Daniel Orhiunu V. Federal Republic of Nigeria (2004)
LawGlobal-Hub Lead Judgment Report
GALADIMA, J.C.A.
This is a consolidated appeal against the interlocutory decisions of the Federal High Court, Lagos, delivered by Shuaibu, J. on the 25/11/2002 and 19/2/2003 refusing to strike out the substantive application of the respondent forthe extradition of the appellant to the United States of America.
On 29/7/2002, the Honourable Attorney-General of the Federation, in his application, asked the Federal High Court to deal with the request of the United States of America for the offence of health care fraud, aiding and abetting by the appellant. He was sentenced by Judge Edward C. Prado on 11/10/2001 in absentia at the United States District Court, for the Western District of Texas to 87 months, 3 years supervised released, $1,061,110.55 in restitution and a special assessment of $300.
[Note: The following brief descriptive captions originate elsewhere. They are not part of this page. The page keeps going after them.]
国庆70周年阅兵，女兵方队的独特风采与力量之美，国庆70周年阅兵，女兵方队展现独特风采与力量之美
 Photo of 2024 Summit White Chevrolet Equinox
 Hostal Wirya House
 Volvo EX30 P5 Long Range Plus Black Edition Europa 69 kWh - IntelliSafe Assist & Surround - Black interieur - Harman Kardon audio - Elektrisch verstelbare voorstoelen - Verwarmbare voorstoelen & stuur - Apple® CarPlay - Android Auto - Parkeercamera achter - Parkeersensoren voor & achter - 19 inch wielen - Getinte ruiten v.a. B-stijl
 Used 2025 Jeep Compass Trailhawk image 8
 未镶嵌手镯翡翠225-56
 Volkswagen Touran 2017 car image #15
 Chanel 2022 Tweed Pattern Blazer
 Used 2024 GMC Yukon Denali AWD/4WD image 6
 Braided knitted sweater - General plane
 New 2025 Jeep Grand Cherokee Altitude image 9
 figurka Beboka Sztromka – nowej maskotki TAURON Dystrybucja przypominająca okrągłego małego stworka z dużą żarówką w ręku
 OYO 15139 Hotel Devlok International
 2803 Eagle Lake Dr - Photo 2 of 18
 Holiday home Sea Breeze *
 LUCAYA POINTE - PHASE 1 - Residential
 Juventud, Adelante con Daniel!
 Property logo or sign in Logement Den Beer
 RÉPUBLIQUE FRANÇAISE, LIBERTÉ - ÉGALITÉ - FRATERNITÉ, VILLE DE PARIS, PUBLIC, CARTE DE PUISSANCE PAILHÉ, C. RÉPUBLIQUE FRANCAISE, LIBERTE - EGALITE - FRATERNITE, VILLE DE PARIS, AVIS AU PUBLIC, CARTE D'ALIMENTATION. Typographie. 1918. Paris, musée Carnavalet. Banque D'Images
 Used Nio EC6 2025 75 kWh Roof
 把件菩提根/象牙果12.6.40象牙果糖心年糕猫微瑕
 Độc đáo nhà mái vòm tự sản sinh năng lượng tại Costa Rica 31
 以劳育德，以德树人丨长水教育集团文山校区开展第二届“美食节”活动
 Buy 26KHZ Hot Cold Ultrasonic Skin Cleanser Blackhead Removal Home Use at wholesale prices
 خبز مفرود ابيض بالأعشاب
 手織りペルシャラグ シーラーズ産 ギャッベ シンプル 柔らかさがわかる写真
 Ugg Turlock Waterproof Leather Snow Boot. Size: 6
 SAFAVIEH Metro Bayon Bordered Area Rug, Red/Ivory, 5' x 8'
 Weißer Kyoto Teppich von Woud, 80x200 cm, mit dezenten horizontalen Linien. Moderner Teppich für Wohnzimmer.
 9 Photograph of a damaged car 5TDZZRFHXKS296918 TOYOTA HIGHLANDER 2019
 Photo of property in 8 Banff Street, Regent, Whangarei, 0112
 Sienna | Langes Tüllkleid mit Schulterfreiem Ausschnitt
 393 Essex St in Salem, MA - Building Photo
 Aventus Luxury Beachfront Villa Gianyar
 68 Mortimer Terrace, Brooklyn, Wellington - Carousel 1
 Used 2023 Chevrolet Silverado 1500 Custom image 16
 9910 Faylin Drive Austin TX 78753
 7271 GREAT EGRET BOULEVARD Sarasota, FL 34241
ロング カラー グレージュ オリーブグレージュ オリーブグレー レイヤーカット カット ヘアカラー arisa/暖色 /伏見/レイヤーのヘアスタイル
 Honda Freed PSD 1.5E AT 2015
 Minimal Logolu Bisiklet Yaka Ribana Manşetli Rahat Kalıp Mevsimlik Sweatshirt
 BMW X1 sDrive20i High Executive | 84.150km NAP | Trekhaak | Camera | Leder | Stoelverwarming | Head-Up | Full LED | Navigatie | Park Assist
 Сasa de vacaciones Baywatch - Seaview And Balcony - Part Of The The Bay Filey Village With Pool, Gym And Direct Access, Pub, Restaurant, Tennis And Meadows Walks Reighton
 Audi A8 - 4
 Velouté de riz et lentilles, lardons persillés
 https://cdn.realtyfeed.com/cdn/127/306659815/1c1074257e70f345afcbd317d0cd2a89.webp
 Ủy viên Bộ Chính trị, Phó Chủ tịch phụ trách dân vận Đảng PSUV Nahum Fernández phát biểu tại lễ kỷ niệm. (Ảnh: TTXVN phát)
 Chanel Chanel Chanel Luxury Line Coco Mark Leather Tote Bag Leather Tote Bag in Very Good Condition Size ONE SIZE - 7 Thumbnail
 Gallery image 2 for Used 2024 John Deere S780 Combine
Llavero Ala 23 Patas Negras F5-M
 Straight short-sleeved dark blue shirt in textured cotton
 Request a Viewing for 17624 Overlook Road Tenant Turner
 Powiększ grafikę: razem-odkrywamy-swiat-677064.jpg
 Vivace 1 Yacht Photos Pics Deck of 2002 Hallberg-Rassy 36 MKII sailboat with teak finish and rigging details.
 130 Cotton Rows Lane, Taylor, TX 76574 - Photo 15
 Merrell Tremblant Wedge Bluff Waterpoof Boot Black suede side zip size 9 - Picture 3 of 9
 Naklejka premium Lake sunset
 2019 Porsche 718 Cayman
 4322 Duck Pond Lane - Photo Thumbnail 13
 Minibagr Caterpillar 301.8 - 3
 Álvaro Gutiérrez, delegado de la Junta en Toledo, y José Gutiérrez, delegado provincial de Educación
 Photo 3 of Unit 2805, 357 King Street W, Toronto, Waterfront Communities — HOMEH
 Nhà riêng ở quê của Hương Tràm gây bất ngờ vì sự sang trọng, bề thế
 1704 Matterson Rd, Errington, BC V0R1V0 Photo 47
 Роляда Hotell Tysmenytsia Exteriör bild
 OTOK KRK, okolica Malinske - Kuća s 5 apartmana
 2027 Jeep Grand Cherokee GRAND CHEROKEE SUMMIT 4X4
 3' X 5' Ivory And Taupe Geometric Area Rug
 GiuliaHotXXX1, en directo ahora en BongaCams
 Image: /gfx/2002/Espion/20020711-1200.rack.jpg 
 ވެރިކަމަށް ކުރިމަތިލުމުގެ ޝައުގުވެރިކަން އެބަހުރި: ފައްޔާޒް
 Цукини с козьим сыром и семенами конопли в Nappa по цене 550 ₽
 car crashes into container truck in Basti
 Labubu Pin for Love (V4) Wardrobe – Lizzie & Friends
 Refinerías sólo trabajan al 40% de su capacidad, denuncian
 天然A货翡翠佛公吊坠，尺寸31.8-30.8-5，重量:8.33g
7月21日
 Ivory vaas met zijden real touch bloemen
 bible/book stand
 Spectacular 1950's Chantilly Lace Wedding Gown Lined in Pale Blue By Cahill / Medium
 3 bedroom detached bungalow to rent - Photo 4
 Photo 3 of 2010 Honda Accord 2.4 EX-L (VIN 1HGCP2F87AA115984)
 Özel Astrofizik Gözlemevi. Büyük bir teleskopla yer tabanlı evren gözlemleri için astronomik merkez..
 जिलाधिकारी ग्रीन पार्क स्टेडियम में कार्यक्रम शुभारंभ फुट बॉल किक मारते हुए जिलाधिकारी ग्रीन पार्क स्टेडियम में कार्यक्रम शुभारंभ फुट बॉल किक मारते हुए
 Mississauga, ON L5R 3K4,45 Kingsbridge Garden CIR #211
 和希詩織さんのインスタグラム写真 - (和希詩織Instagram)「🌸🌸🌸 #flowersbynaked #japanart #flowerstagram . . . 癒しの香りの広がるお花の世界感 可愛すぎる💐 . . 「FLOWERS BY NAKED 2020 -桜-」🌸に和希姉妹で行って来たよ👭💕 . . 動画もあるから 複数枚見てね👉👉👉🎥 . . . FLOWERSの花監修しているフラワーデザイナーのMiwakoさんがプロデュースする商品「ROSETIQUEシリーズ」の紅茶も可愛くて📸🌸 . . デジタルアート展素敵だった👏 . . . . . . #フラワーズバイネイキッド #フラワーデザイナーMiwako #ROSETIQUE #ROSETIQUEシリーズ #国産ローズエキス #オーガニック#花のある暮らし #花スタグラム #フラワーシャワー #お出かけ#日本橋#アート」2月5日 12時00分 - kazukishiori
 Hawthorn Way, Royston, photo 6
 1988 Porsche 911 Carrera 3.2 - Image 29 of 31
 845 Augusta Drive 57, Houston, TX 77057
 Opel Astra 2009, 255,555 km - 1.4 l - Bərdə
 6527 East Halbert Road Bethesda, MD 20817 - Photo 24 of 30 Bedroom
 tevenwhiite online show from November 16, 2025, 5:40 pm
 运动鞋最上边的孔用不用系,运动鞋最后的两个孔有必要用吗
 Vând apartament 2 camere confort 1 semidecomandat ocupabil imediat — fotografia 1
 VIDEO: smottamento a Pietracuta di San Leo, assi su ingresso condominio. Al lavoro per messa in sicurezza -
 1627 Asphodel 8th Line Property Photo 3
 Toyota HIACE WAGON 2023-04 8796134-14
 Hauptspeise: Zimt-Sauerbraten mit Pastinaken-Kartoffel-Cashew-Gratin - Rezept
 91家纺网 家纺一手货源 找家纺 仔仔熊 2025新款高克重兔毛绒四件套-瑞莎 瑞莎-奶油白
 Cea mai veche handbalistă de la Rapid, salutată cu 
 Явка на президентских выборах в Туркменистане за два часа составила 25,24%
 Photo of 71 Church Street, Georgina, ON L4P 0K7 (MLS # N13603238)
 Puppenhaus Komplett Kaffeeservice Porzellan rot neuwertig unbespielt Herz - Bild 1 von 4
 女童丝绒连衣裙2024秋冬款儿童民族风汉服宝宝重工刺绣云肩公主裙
When the matter came up for the first time before Shuaibu, J. on 28/10/ 2002, the appellant through his counsel raised a preliminary objection challenging the jurisdiction and competence of the Federal High Court to entertain the proceedings and a consequential order dismissing the request for his extradition to the United States of America.
In his considered ruling 25/11/2002, the learned trial Judge held that the Federal High Court has exclusive jurisdiction in extradition matters and consequently dismissed the appellant’s preliminary objection. Similarly, on 19/2/2003 he also ruled in the appellant’s second objection, dismissing his contention that he does not fall within the contemplation of Extradition Act Cap. 125 Laws of the Federation of Nigeria (1990) herein after referred to as “the Extradiction Act” not being a fugitive criminal as envisaged by the combined effect of sections 3-9 and section 21(1) of the Extradiction Act.
Pursuant to the appellant’s application, this Court by its order, dated 10/7/2003, consolidated the appeal vide Notice of Appeal filed on 25/3/2003 containing three grounds against the decision of 25/11/2002 and the appeal vide notice of appeal filed on 4/3/2003 containing four grounds against the decision of 19/2/2003.
The issues proffered by the appellant for determination from the grounds of appeal, is consolidated, read as follows:
“4.1. Whether having regard to the wordings of section 251 (1) (i) of the Constitution of the Federal Republic of Nigeria 1999, the Federal High Court can be said to be conferred with jurisdiction or exclusive jurisdiction in respect of extradition of Nigerians from Nigeria to foreign countries?
4.2. Whether the appellant can be said to be a fugitive Criminal within the meaning set out in the Extradition Act Cap. 15, Laws of the Federation of Nigeria, 1990, as to make him eligible for extradition from Nigeria to the United States of America?”
The two issues identified in the respondent’s brief for our determination which are similar to those of the appellants, are as follows:
“2.1. Whether the Federal High Court is conferred with jurisdiction to entertain extradition matters under section 251 (1) (i) of the Constitution of the Federal Republic of Nigeria, 1999?
2.2. Whether the appellant can be said to be a fugitive Criminal within the definition of section 21 of the Extradition Act Cap. 125 Laws of the Federation of Nigeria, 1990?”
I have carefully considered the issues set out for our determination by the respective parties. The issues set out by the respondent’s appeal to me is quite apt and direct to the grounds in the consolidated appeal. It is on these two issues the merit of this appeal will be considered.
When this appeal came before us for argument on 18/5/2004 Mr. Fashanu, learned Senior Advocate for the appellant adopted the appellant’s brief of argument.